# EXERCISE DETAILS
Every line with the word "синий" in it should be extracted from the data that follows.

[Brief descriptive captions]
◆ ◆ ◆ ◆ ◆ ◆ ◆

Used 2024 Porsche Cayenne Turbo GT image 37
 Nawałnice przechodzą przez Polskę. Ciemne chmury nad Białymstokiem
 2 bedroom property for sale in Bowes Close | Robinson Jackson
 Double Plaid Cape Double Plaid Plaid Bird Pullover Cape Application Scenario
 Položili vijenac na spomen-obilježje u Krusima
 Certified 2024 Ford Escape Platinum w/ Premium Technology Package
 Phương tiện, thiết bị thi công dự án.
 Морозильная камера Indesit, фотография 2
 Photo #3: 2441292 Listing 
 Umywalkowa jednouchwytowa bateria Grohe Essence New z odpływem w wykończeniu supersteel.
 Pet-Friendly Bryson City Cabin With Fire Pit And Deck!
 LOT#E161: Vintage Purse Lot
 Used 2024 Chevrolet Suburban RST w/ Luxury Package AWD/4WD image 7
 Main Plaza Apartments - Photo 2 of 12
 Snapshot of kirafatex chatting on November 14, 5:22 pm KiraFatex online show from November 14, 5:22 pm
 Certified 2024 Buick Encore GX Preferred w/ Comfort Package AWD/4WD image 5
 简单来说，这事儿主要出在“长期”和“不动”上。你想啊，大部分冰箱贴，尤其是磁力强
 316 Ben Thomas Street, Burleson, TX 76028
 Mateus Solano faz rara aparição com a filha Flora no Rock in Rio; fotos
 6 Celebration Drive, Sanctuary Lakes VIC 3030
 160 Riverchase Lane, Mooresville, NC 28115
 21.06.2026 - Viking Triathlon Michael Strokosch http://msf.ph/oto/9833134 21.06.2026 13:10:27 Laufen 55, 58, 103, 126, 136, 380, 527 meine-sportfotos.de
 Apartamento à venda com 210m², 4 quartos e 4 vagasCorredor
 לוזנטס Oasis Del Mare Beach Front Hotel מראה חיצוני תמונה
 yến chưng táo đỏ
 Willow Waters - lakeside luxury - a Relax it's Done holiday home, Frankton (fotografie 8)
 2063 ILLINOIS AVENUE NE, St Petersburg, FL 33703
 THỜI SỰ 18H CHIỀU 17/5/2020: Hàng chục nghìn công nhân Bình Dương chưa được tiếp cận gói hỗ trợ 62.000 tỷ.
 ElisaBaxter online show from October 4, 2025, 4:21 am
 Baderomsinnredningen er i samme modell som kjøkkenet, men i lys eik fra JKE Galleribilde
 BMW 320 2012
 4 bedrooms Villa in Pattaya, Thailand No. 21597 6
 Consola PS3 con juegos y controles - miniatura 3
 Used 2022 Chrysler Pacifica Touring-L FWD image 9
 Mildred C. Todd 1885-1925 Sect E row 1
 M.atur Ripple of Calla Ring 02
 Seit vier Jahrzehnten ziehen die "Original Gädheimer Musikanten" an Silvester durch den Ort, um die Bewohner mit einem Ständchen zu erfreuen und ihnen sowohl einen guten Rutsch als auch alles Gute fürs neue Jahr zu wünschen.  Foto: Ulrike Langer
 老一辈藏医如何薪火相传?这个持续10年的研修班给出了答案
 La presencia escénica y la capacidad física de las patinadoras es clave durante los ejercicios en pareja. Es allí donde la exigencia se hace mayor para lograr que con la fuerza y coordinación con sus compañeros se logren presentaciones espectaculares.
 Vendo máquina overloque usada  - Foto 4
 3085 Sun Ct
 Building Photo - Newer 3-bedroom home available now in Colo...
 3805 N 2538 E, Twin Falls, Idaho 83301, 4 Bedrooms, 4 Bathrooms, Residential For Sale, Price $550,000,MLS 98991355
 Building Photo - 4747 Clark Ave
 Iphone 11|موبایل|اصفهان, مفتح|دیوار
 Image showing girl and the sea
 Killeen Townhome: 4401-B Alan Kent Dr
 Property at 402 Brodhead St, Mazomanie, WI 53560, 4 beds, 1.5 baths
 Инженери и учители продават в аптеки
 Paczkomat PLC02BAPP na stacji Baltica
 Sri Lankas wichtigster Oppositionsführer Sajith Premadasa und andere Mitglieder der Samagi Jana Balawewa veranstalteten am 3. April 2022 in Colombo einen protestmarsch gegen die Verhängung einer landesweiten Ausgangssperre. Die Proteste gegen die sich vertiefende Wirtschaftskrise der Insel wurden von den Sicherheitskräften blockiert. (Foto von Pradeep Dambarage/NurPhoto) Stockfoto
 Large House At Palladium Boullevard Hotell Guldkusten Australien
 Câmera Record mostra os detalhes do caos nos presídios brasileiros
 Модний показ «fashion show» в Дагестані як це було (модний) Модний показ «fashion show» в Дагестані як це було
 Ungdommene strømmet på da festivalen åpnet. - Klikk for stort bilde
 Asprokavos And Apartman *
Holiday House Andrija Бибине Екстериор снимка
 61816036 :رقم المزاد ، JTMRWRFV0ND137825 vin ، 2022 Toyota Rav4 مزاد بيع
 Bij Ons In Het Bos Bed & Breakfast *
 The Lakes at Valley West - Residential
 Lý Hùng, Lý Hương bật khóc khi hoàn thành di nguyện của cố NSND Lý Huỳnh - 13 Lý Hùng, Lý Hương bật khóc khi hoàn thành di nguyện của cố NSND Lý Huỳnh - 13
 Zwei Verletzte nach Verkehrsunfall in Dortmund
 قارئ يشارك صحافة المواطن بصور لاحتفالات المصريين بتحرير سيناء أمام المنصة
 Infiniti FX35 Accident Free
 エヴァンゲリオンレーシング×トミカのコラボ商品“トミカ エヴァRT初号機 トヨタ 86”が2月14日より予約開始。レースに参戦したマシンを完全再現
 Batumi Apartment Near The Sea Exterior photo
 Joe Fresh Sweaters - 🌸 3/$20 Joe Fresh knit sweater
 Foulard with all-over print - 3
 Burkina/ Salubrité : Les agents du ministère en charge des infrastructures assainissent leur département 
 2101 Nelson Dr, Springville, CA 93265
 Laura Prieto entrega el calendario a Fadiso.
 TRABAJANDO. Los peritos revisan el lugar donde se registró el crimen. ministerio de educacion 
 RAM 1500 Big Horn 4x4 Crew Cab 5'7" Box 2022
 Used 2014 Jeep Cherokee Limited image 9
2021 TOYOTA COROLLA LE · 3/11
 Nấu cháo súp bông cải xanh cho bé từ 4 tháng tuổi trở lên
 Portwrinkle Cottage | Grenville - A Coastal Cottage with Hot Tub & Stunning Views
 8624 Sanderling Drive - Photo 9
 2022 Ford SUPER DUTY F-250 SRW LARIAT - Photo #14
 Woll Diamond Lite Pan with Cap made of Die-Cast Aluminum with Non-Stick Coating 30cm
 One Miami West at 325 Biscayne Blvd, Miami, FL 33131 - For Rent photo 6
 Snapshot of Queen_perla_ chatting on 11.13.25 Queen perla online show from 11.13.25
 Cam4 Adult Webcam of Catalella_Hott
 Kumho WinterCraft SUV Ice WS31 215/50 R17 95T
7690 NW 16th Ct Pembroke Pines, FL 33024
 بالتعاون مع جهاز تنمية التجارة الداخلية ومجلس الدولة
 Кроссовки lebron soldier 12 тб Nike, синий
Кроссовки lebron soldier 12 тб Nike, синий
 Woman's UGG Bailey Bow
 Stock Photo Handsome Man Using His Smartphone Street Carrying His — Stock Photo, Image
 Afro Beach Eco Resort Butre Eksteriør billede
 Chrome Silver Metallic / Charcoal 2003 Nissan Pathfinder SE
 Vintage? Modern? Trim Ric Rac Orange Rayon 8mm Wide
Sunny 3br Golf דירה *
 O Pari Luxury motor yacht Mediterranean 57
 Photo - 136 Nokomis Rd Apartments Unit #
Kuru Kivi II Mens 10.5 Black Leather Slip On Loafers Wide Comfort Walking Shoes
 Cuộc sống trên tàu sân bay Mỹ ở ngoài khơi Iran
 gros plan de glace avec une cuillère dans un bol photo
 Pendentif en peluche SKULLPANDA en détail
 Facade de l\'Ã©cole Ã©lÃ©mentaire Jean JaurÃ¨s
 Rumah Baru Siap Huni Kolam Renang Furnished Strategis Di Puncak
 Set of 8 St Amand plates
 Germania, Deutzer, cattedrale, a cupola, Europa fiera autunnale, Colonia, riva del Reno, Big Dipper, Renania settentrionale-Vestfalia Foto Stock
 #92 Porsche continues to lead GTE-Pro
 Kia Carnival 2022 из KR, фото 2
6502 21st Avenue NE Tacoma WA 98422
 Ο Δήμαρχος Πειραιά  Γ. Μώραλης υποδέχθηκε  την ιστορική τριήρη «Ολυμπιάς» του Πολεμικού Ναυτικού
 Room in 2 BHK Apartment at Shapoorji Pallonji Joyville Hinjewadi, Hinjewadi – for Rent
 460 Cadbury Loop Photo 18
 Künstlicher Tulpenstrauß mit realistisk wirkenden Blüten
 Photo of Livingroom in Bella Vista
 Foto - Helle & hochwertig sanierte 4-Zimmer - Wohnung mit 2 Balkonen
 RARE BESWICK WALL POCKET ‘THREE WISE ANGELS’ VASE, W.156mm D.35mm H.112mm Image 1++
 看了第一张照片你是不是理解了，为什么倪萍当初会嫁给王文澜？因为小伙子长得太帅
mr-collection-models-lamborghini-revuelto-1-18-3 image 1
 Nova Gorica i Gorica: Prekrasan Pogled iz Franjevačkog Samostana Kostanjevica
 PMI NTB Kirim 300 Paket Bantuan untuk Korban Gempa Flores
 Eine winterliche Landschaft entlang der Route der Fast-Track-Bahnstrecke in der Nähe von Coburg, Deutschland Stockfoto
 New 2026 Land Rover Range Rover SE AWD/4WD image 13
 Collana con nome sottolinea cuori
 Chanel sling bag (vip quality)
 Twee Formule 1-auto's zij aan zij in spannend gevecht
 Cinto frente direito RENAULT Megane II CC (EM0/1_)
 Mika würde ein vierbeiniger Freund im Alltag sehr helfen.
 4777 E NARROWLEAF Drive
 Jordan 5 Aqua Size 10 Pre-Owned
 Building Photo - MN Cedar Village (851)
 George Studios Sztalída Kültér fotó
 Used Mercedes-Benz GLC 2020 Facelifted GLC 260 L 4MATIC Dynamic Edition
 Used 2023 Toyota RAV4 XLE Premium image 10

◆ ◆ ◆ ◆ ◆ ◆ ◆

# COMPLETED EXERCISE
 Кроссовки lebron soldier 12 тб Nike, синий
Кроссовки lebron soldier 12 тб Nike, синий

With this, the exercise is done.